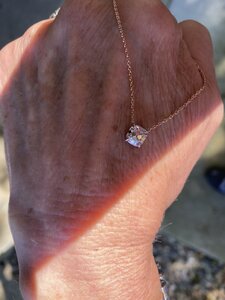 IMG_4240.jpeg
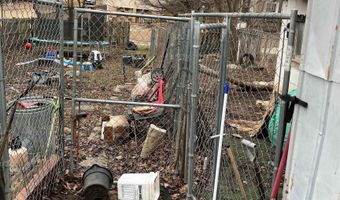 2304 N St, Auburn, NE 68305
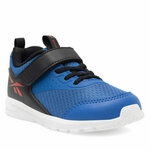 Obuća Reebok Rush Runner 4 H67785 Plava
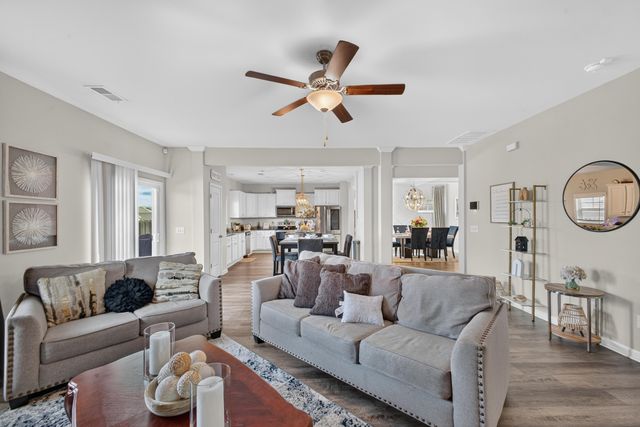 1118 Sapphire Drive, Graniteville, SC 29829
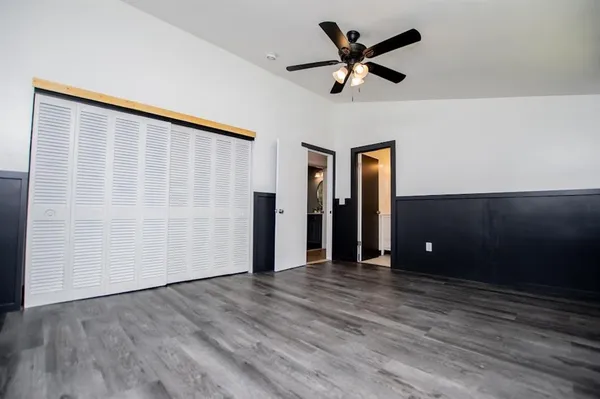 $374,900 | 1121 Highway 27 North, Bremen, GA 30110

*Your objective*: Images are to be excluded, and each record above written out word for word.

*Exercise result*:
 IMG_4240.jpeg
 2304 N St, Auburn, NE 68305
 Obuća Reebok Rush Runner 4 H67785 Plava
 1118 Sapphire Drive, Graniteville, SC 29829
 $374,900 | 1121 Highway 27 North, Bremen, GA 30110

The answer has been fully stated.